A part ça, une dizaine d'attentats, autant de morts

150 français d'algérie qui ont gardé des attaches avec leur famille en Espagne gagnent Alicante et s'y installent.

 

15 Février 1962 :

73 attentats, 16 morts, 20 blessés.

 L'O.A.S. a posé 44 plastics dans les quartiers à majorité musulmane de la ville d'Oran, pour marquer sa présence dans ces zones "interdites" après les émeutes de la veille. Elle affirme que ce sont ses commandos musulmans qui ont agi.

Les commandos sont passé par les égouts et ont positionne les charges sur les bâtiments signalés par les militaires comme abritant des activités FLN.

 

16 Février 1.962 :

Les statistiques indiquent que ces 15 premiers jours de février, l'activité terroriste F.L.N. a fait 256 morts (dont 160 musulmans, surtout anciens harkis ou auxiliaires de la France) et 490 blessés (environ 350 musulmans).

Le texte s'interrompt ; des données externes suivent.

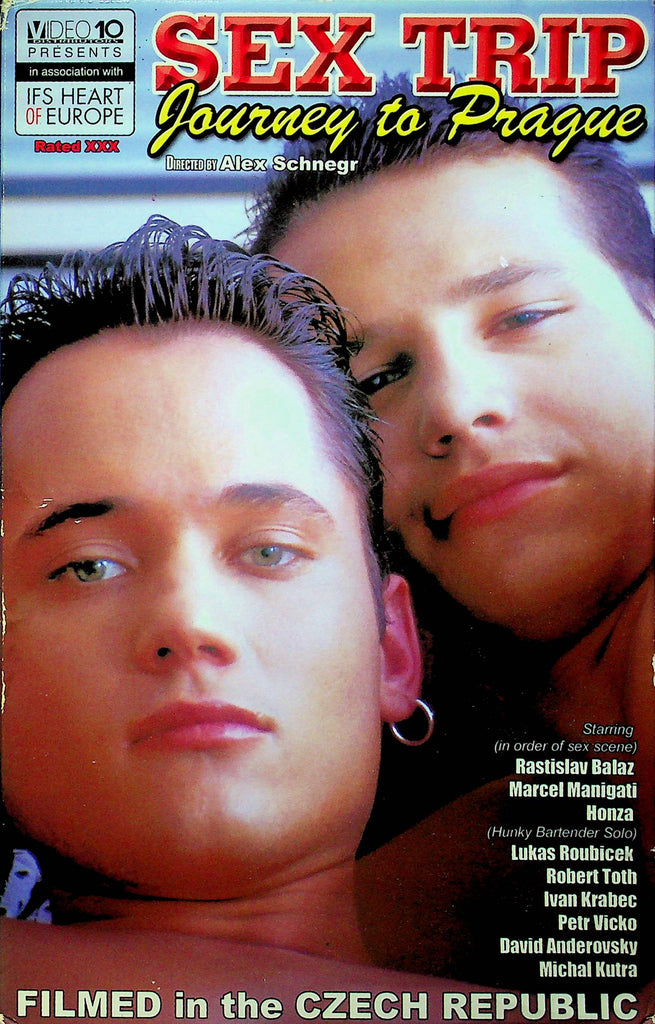 Gay Adult VHS Movie Sex Trip Journey To Prague Ft. Rastislav Balaz & Marcel Manigati 2000 By Video 10 Dist. 032423RPVHS3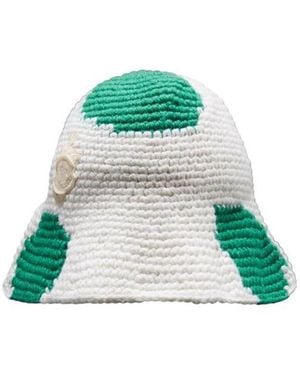 Moncler Crochet Hat - Green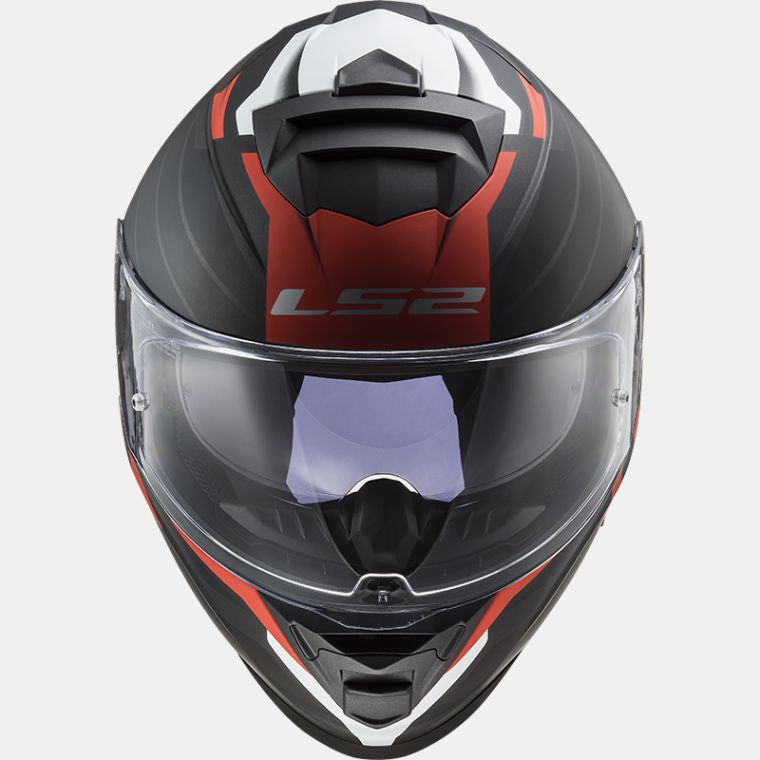 LS2, FF800 STORM NERVE MATT BLACK RED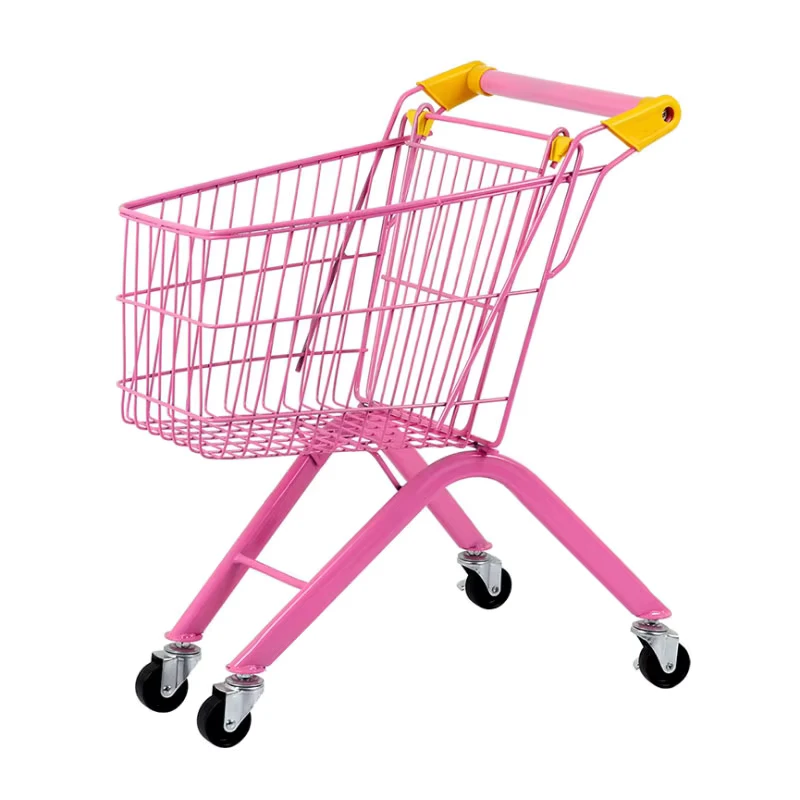 China Factory Supermarket Shopping Trolley Mini Shopping Cart for Kids Children Boys Girls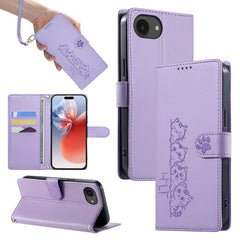 Funda para teléfono de piel vegana con cierr...
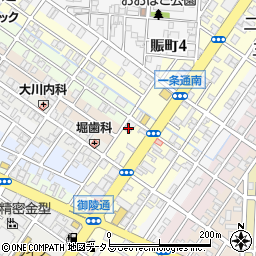大阪府堺市堺区一条通3-12周辺の地図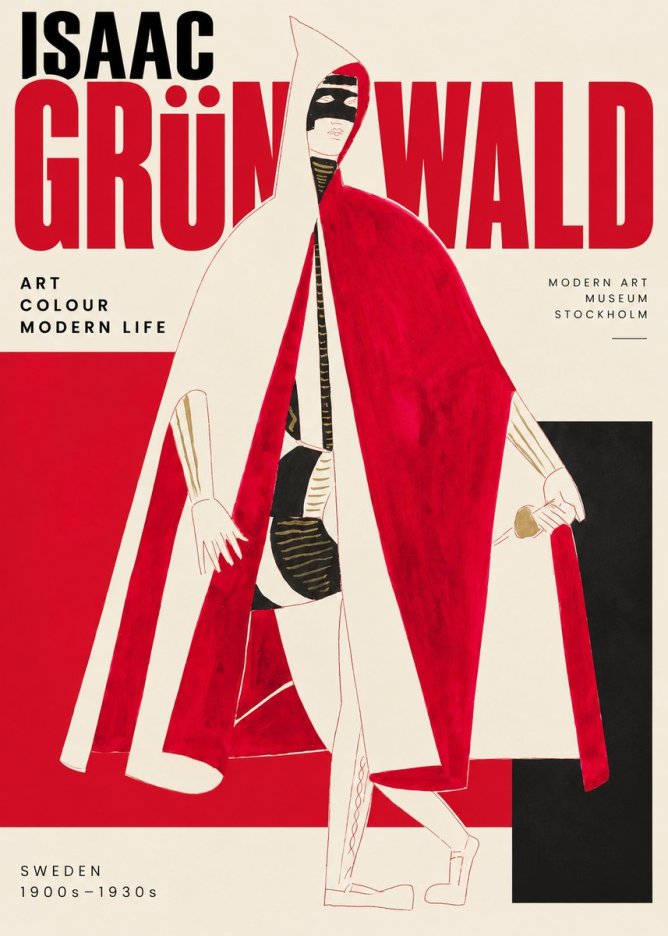 Isaac Grünewald Costume Design I No2 - Plakát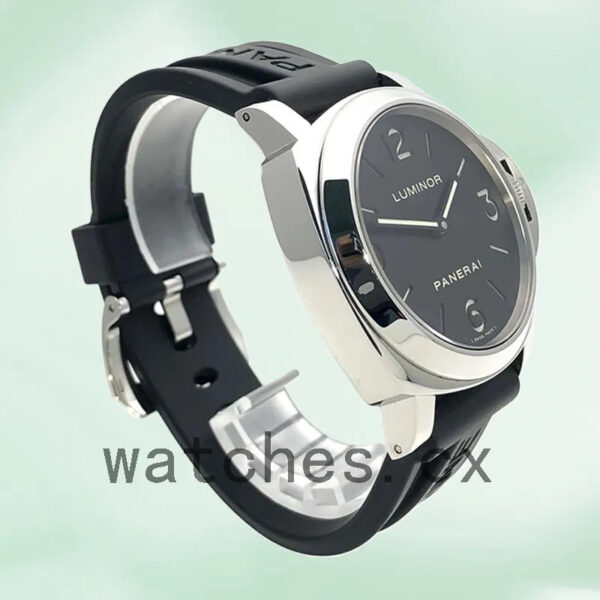Panerai Luminor Base PAM00112 Men’s 44mm Silver-tone Black Dial Replica Watches
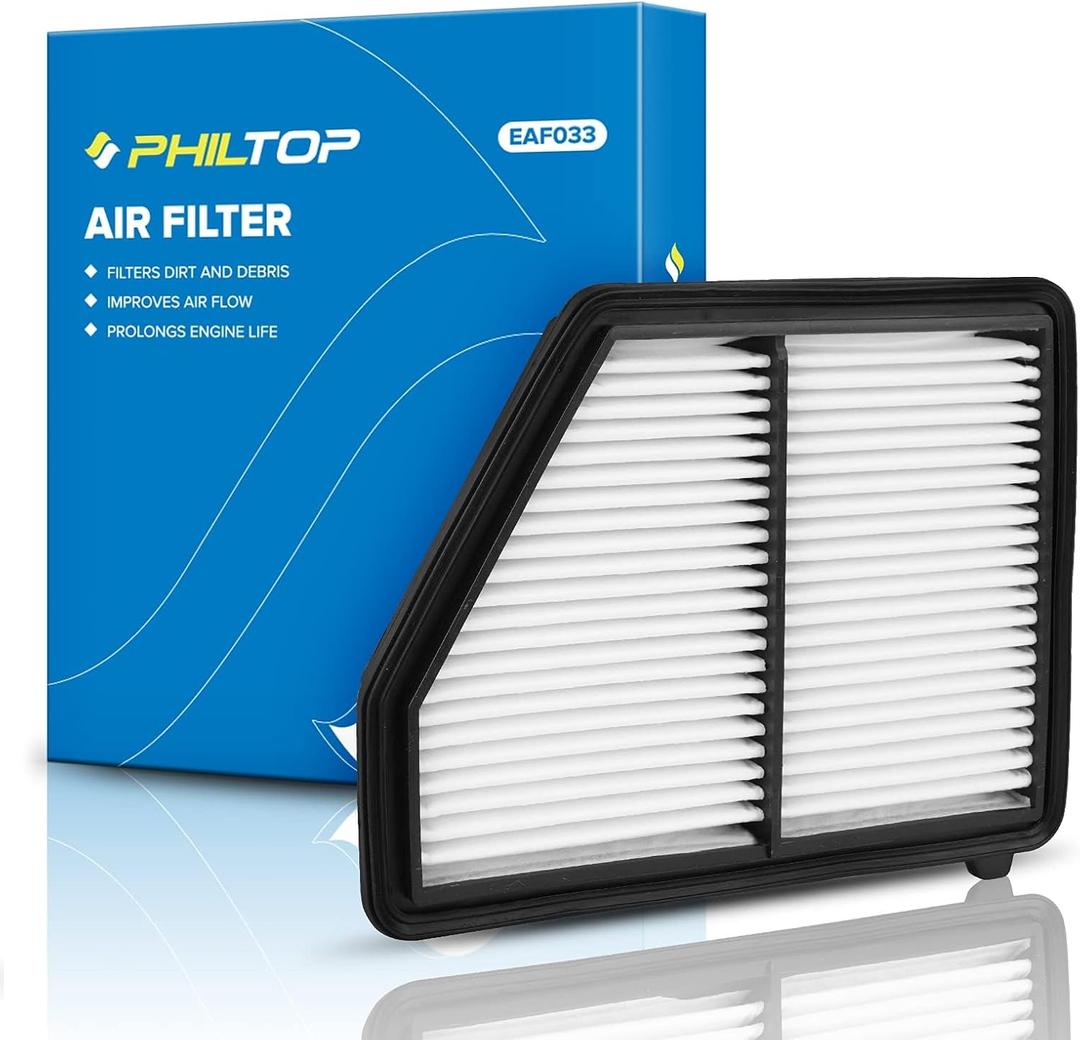 PHILTOP Engine Air Filter, Compatible with CA12051 Honda Civic 2016-2026, HR-V 2023-2025, L4 2.0L, Improve Engine Performance, Rigid Panel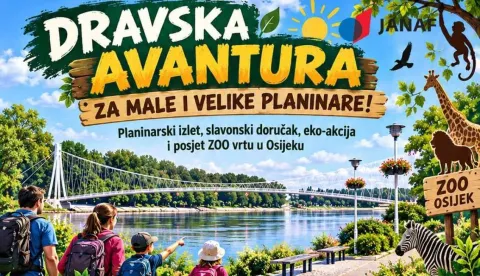 Mali čuvari prirode čiste Osijek: Planinari organiziraju izlet uz Dravu i posjet Zoovrtu
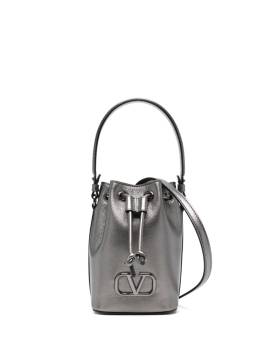 Valentino Garavani Mini VLogo Signature Schultertasche - Silber von Valentino Garavani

Chaque jour est un nouveau dechaînement de violences, les musulmans attentistes se ruent pour participer à la curée.

Emission pirate de l'O.A.S. à la radio.

Holds up.

5 attentats 5 morts à Alger.

Une musulmane est blessée par un explosif qu'elle posait devant une école, les parents d'élèves l'achèvent, les grandes consciences s'indignent.

Des unités représentant ensemble 20.000 hommes rentrent en métropole.

Deux assassinés, trois blessés à Blida.

Trois tués, cinq blessés à Oran.

Le vice président musulman de la chambre de commerce de Mostaganem assassiné dans son magasin.

Un tué un blessé à Mascara.

Deux agriculteurs exécutés dans leur ferme à Marengo.

 Plastic à Paris.

Arrestation de OAS dans le Vaucluse.

 

17 Février 1.962 :

 48 attentats, 35 tués, 45 blessés.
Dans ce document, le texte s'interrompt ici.